Mollie Green (born 4 August 1997) is an English footballer who plays as a midfielder for Coventry United on loan from Birmingham City in the FA Women's Championship.

She has previously played for Everton, Liverpool, and Manchester United in the FA WSL, Sheffield United in the FA Women's Championship, and has represented England at the under-19 level.

Club career

Liverpool
Green joined Liverpool in 2014, progressing through the club's Centre of Excellence. On 11 October 2015, she made her competitive debut as a 72nd-minute substitute for Rosie White in the semi-final of the FA WSL Cup, a 2–0 defeat against Notts County. A year later, she made her FA WSL debut in a 3–1 win against Doncaster Rovers Belles. During her 3-year stint at Liverpool, she made three appearances for the senior team.

Everton
On 28 March 2017, having seen limited minutes for the Reds, Green made the move to their Merseyside rivals Everton in search of more playing time. 
The following month, she made her Everton debut in a 2–1 defeat against Millwall Lionesses in the FA WSL 2 Spring Series.
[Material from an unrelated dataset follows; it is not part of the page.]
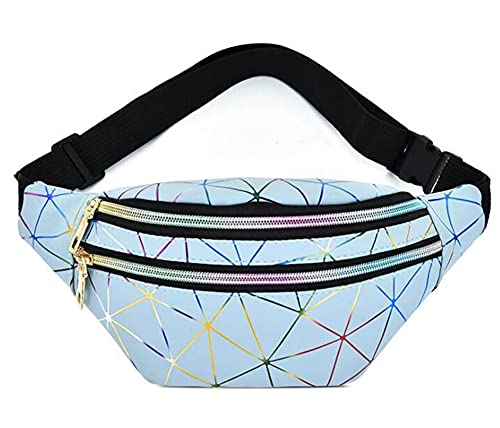 Estwell Riñonera Mujer Moda Riñonera Deportiva Viaje Bolso de Cintura Running Impermeable Riñoneras de Marcha Fanny Pack (Azul)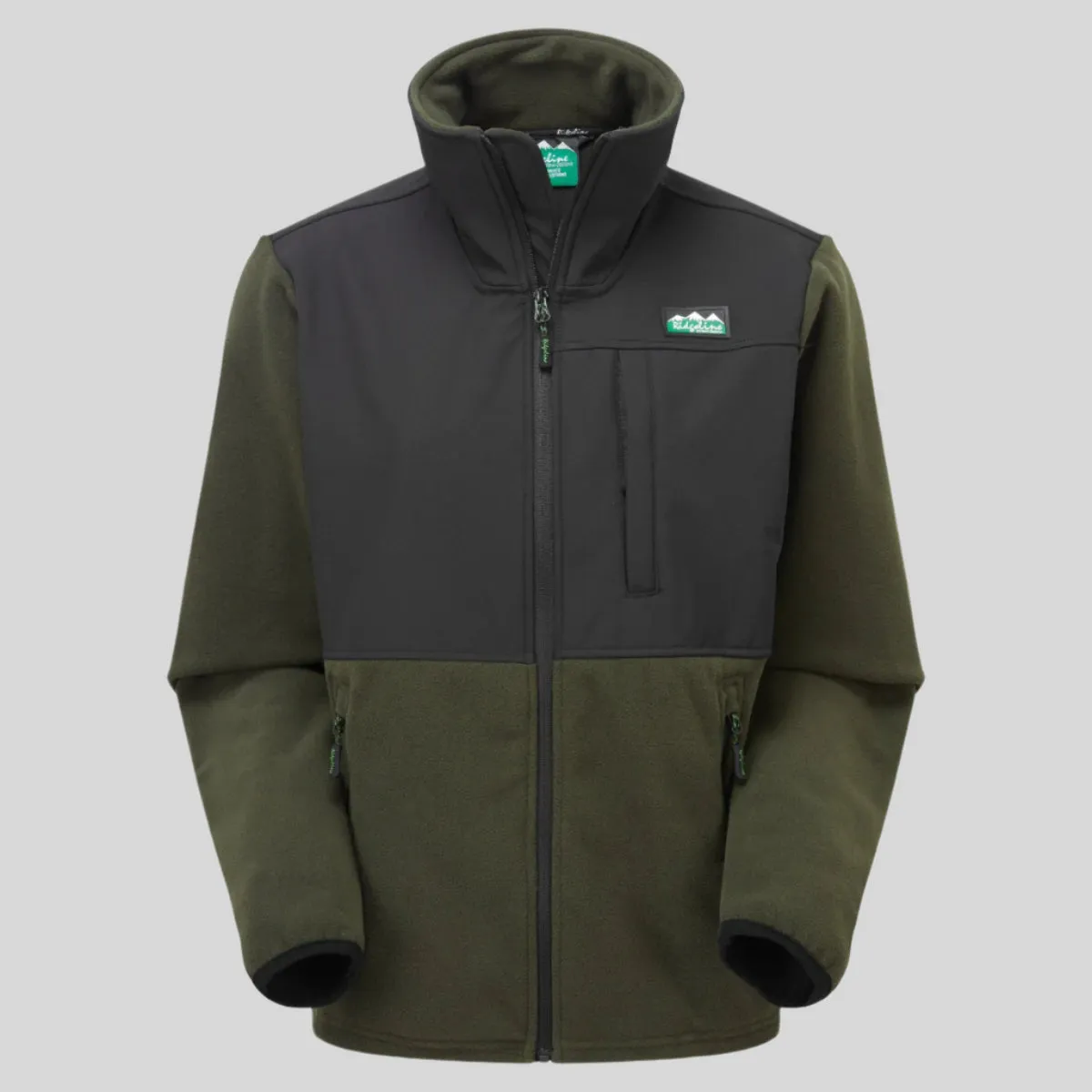 Men's Hybrid Jacket Olive Stretch Material OversizedSilhouette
Green scored her first Everton goal in a 4–0 win against London Bees to help clinch the 2017 Spring Series title.

After the 2017–18 season, Green and Everton mutually agreed to terminate her contract.

Manchester United

2018–19 season
 
On 13 July 2018, it was announced that Green would join newly-formed Championship side Manchester United in their inaugural season. She made her competitive debut for Manchester United in a 1–0 League Cup victory against Liverpool on 19 August. She scored her first goal in the opening game of the 2018–19 FA Women's Championship season, a 12–0 win away to Aston Villa. On 25 November, she scored her first career hat-trick in an 8–0 win over Millwall. In total, Green scored 5 goals in 3 games on the way to being named FA Women's Championship player of the month for November.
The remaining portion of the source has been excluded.